Task goal: Leave out the pictures and reproduce all of the data exactly.

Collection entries
Content starts

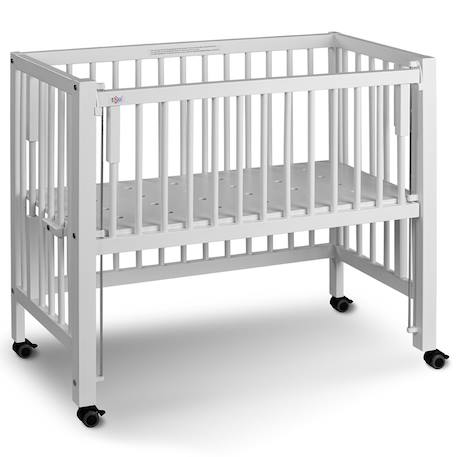 Lit berceau co-dodo à barrières coulissantes sophie Blanc+Bois naturel 1 - vertbaudet enfant 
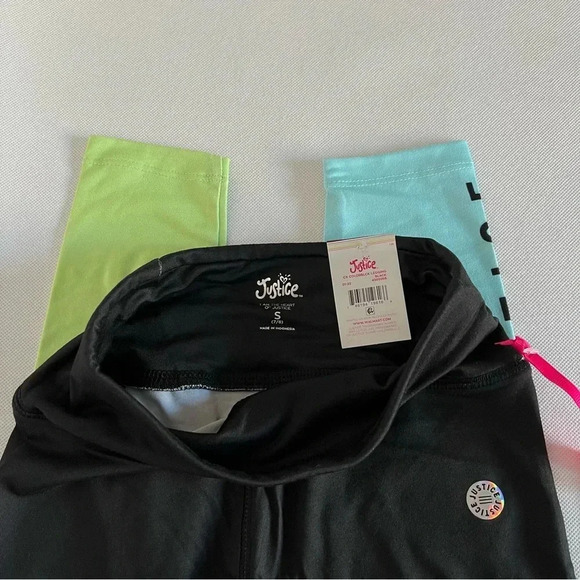 Justice Girls Ankle Collection X Color Blocked Leggings Size Small (7/8) Black - Picture 6 of 12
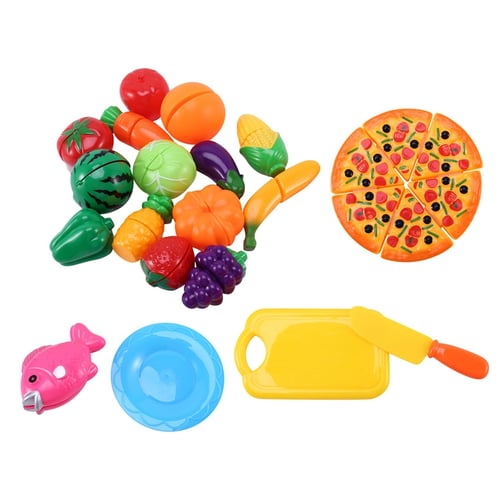 24Pcs Kids Kitchen Fruit Vegetable Food Pizza Cutting Toys Role Play Game Set 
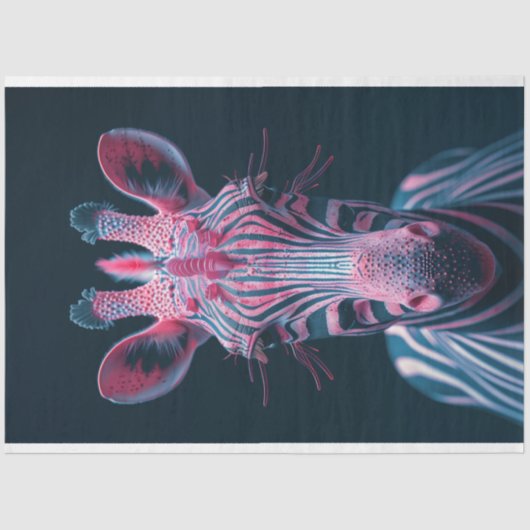 Gloeiende roze Zebra van een andere wereld Decoupa Tissuepapier (Voorkant)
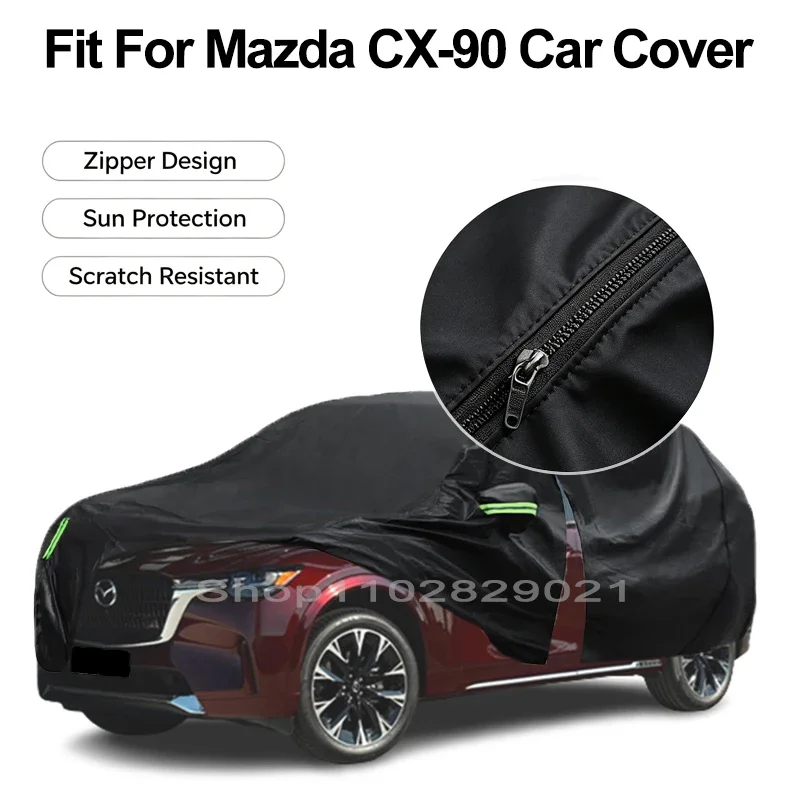 Zipper Door Waterproof Car Cover For Mazda CX-90 Windproof Dustproof UV Protection All Weather Auto Protector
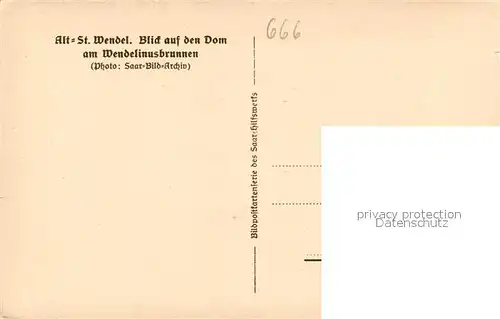 AK / Ansichtskarte Alt_St_Wendel Blick auf den Dom am Wendelinusbrunnen Pferdetraenke Alt_St_Wendel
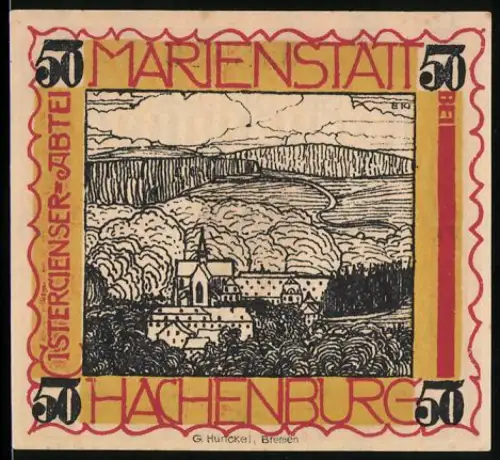 Notgeld Hachenburg 1921, 50 Pf, Zisterzienser-Abtei Marienstatt, Wappen Hachenburg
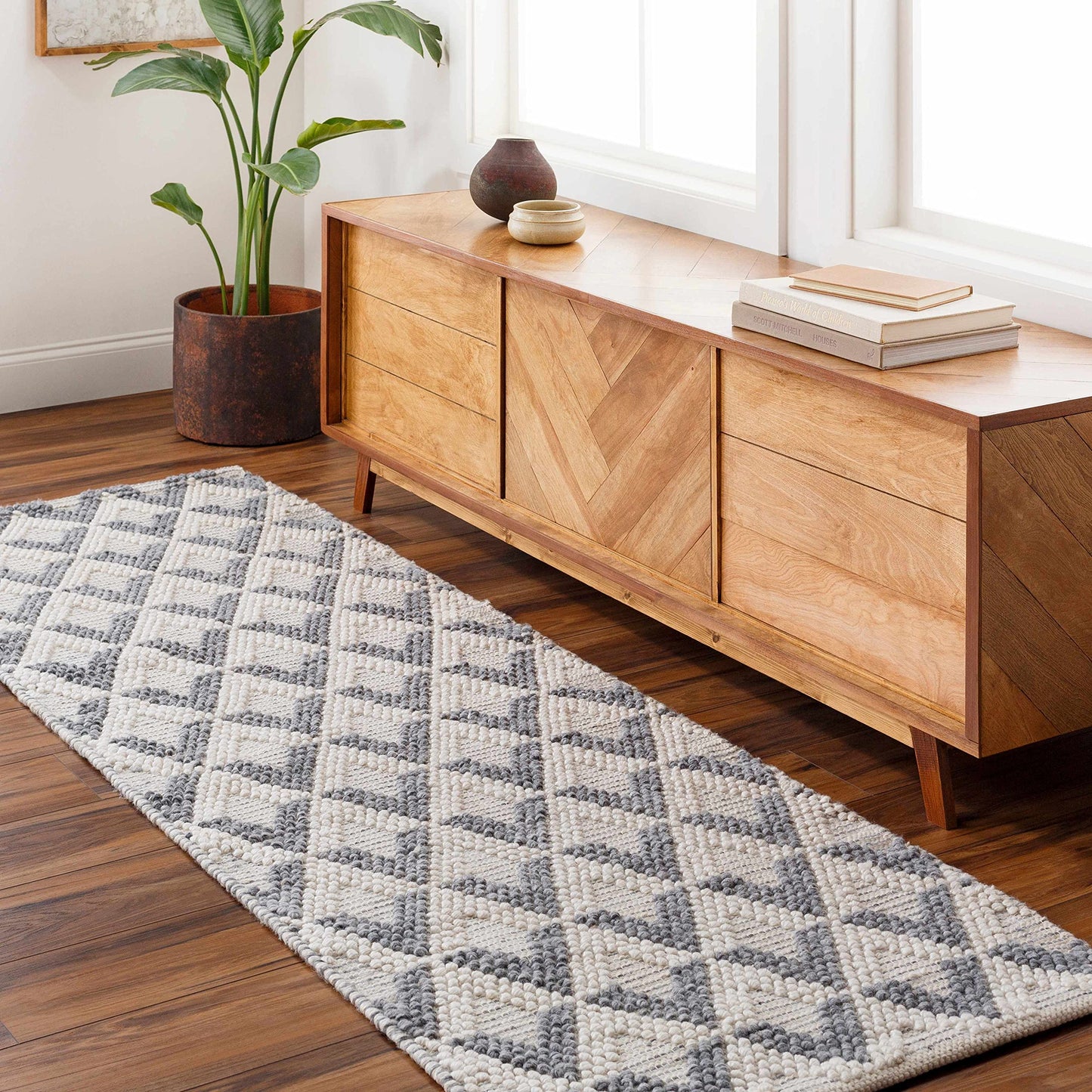 Hauteloom Maik Recycled Material Area Rug - Geometric Triangle Diamond Chevron Textured - Bohemian Transitional Modern Contemporary Scandinavian - Beige, Cream, Gray, Ivory, Neutral - 5' x 7'6"
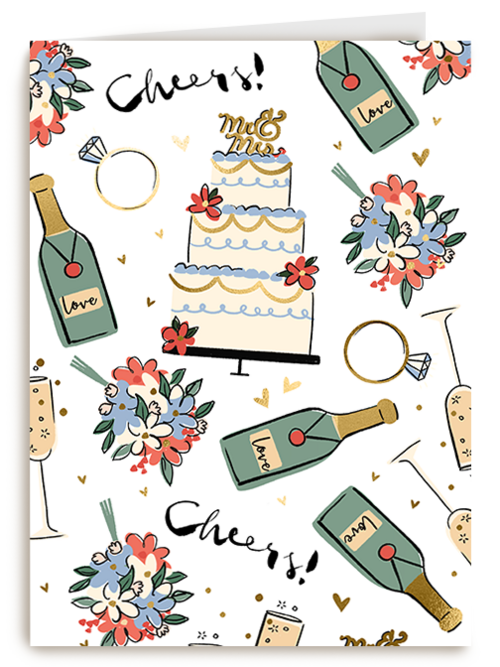 Kaart Hallmark | Felicitatie Huwelijk | Love Story Cheers Cake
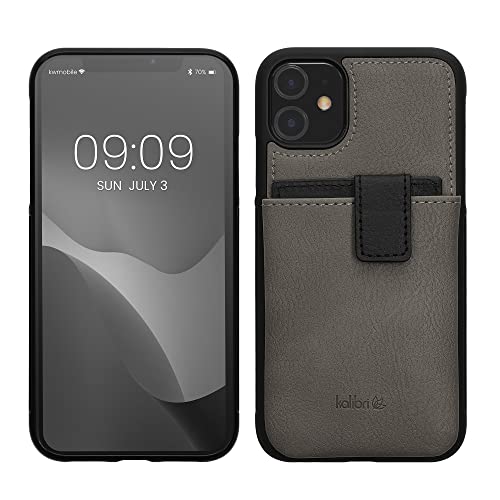 kalibri Hülle kompatibel mit Apple iPhone 11 - Handyhülle Handy Cover - Kunstleder Case mit Kartenfach abnehmbar - Grau Schwarz kalibri Hülle kompatibel mit Apple iPhone 11 - Handyhülle Handy Cover - Kunstleder Case mit Kartenfach abnehmbar - Grau Schwarz von kalibri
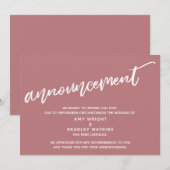 Modern Handschrift afgelast bruiloft stoffig Roos Kaart (Voorkant / Achterkant)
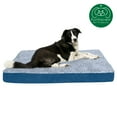 thumbnail image 4 of FurHaven Pet Products Two-Tone Fur & Suede Deluxe Full Support Pet Bed for Dogs & Cats - Marine Blue, Jumbo, 4 of 12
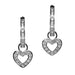 18K White Gold Classic Diamond Heart Earring Charms - LooptyHoops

Content ends

Response for this exercise:
 Lit berceau co-dodo à barrières coulissantes sophie Blanc+Bois naturel 1 - vertbaudet enfant 
 Justice Girls Ankle Collection X Color Blocked Leggings Size Small (7/8) Black - Picture 6 of 12
 24Pcs Kids Kitchen Fruit Vegetable Food Pizza Cutting Toys Role Play Game Set 
 Gloeiende roze Zebra van een andere wereld Decoupa Tissuepapier (Voorkant)
 Zipper Door Waterproof Car Cover For Mazda CX-90 Windproof Dustproof UV Protection All Weather Auto Protector
 AK / Ansichtskarte Alt_St_Wendel Blick auf den Dom am Wendelinusbrunnen Pferdetraenke Alt_St_Wendel
 Notgeld Hachenburg 1921, 50 Pf, Zisterzienser-Abtei Marienstatt, Wappen Hachenburg
 Hauteloom Maik Recycled Material Area Rug - Geometric Triangle Diamond Chevron Textured - Bohemian Transitional Modern Contemporary Scandinavian - Beige, Cream, Gray, Ivory, Neutral - 5' x 7'6"
 Kaart Hallmark | Felicitatie Huwelijk | Love Story Cheers Cake
 kalibri Hülle kompatibel mit Apple iPhone 11 - Handyhülle Handy Cover - Kunstleder Case mit Kartenfach abnehmbar - Grau Schwarz kalibri Hülle kompatibel mit Apple iPhone 11 - Handyhülle Handy Cover - Kunstleder Case mit Kartenfach abnehmbar - Grau Schwarz von kalibri
 Modern Handschrift afgelast bruiloft stoffig Roos Kaart (Voorkant / Achterkant)
 thumbnail image 4 of FurHaven Pet Products Two-Tone Fur & Suede Deluxe Full Support Pet Bed for Dogs & Cats - Marine Blue, Jumbo, 4 of 12
 18K White Gold Classic Diamond Heart Earring Charms - LooptyHoops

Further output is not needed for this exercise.